Auditing code is actually a fancy word for reading the code. Sometimes, I even wonder if a programmer isn’t reading code more often than write. Good piece of code will be written once, and changed seldom afterwards. Bad piece of code will be reviewed, re-read for debugging, and sometimes forgotten : this is when we spend a lot more time than we want trying to understand what the hell the original author tried to do. Even when it’s oneself.
Proof-reading the code means that the reader will check as many things as possible. It’s very difficult to stay focused while doing so, because there are so many aspects of the code to take into account. Let’s make a short list of them, even as we know this never be complete :
- coding conventions
- PHP recommendations
- Framework guides
- Security
- Performances
- Algorithms
- Business rules
Each of those subjects would contains lots of rules. Sometimes, those are written in a reference document, and even they are tooled : for example, Symfony or Zend Framework have coding conventions, and use the Code_Sniffer to check them. PHP manual has a lot of warnings and recommendations, but they are scattered all over the manual, and there is no tool to check it.
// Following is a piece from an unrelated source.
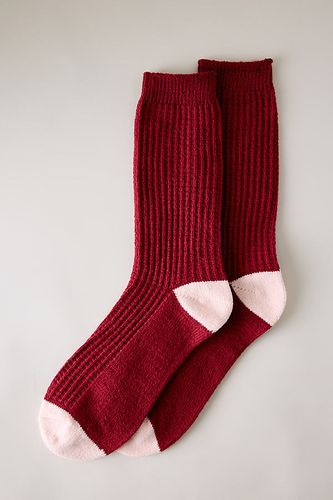 Chaussettes confortables en gaufre chez Anthropologie - LyreBird - Modalova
This lack of explicit reference leads to an ever raising level of entropy in the code. At the beginning, the project is small enough to allow for review. Later, with an ever larger code base and more people contributing, this tends to get long and boring. This both a needed task and a chore.
Static auditing provide a soothing help to this problem. Static means that the code will not be run, and as such, it is not a competitor to unit testing. The code will be read just like you and me, right from the source. And this is an automated process, so the auditor will never get bored at doing it. It is now possible to run this as often as possible.
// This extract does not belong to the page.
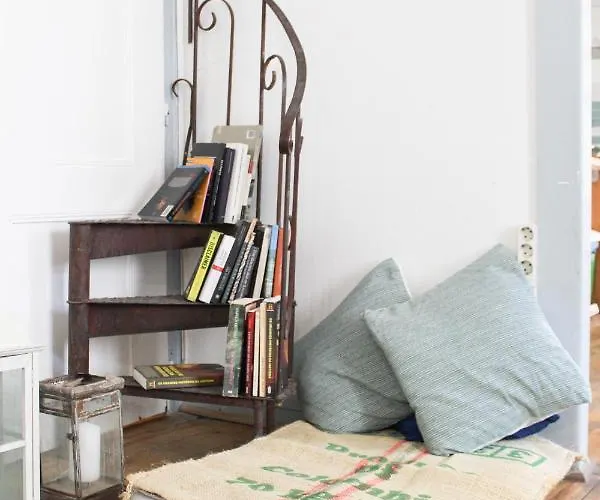 Hostal Alface Hall & Bar Lisboa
It also means that we audit much larger code base, as the auditor will now work without loosing its edge even on ten millions lines. Such applications are probably the largest in the PHP world, nevertheless I like the idea that every lines of code will get the same treatment. May be this is auditing neutrality, or simply a way to avoid human bias : etc folder ? Nah, there won’t be code in there….
The auditor will also tirelessly a large number of analysis to the code. Once experience has been acquired, it is registered in the auditor library, and may be reused the next time. This way, it won’t appear again in the same circumstances. Even if this is a rather rare situation, it is possible to apply previous experience to any new code, or separate project, and check if the same situation arise again.
The last advantage I tremendously appreciate is its summarizing capabilities. We mentioned earlier that code base tends to grow without limit. Running some analysis on such code base makes sense, both in the level of details it will reach, but in the aggregated data it may gather for us. Phpinfo() is one of the most popular PHP function, and it is time we have an ‘appinfo()’ function, that will collect various aspects of the application and make it a summary. It is useful for devops to know what configs are expected or which extensions are needed, but also it is good for programmers to realize that PHP features are used. Making code simpler to understand is definitely a major advantage.